Financial Daily from THE HINDU group of publications
Saturday, Jul 09, 2005
Money & Banking - Non-Performing Assets
Madras HC asks debtors to repay banks in time
Our Legal Correspondent
Chennai , July 8
THE Madras High Court has, in what is considered as a far-reaching judgment, refused to exercise its discretion under Article 226 of the Constitution in favour of the petitioners, who were borrowers from banks and did not wish to repay the same.
Dismissing a batch of writ petitions from the borrowers challenging various provisions of the Securitisation and Reconstruction of Financial Assets and Enforcement of Security Interest Act, 2002, which tended to delay repayments, the court said, "... by staying such recoveries incalculable harm has been done, and will continue to be done, to the economy, because persons who are genuinely in need of loans for setting up new industries cannot get such loans because the borrowers have not repaid them. This court should certainly not countenance such grave malpractices."

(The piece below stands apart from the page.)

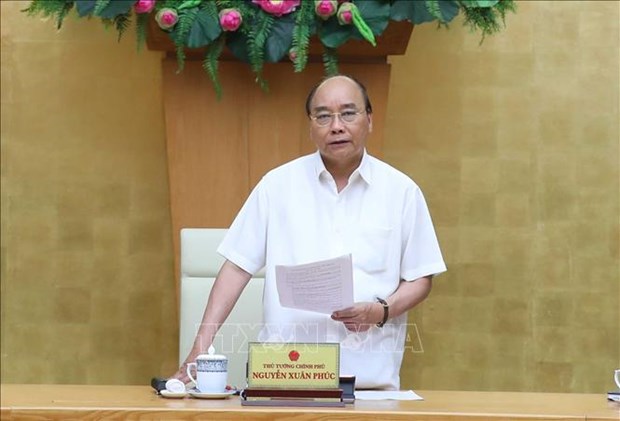 越南政府总理要求快速透明处理人员正当合理的出入境需求 hinh anh 1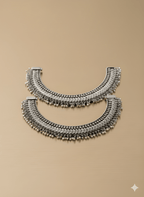 Handcrafted oxidised silver heavy karigari anklet pair on golden background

The First Bench, comprising Chief Justice Mr M. Markandey Katju and Mr Justice F.M. Ibrahim Khalifulla, while pointing out that the Supreme Court had upheld the validity of the Act, except Section 17(2) (which requires pre-deposit of 75 per cent of the amount of demand notice before an appeal can be entertained), said that, in many cases of defaults in repayment of loans to banks, there had been interim orders of various courts which had stayed the recoveries.
Many such interim orders were wholly unjustified.
To obtain a writ, the petitioner must not only show that the law was in his favour, he must also show that equity was in his favour.
In these cases, even assuming that there was some technical violation of law, there was no equity in the petitioners' favour.
"Hence, we are not inclined to exercise our discretion under Article 226 in these cases in favour of the petitioners who have borrowed money and do not wish to repay the same."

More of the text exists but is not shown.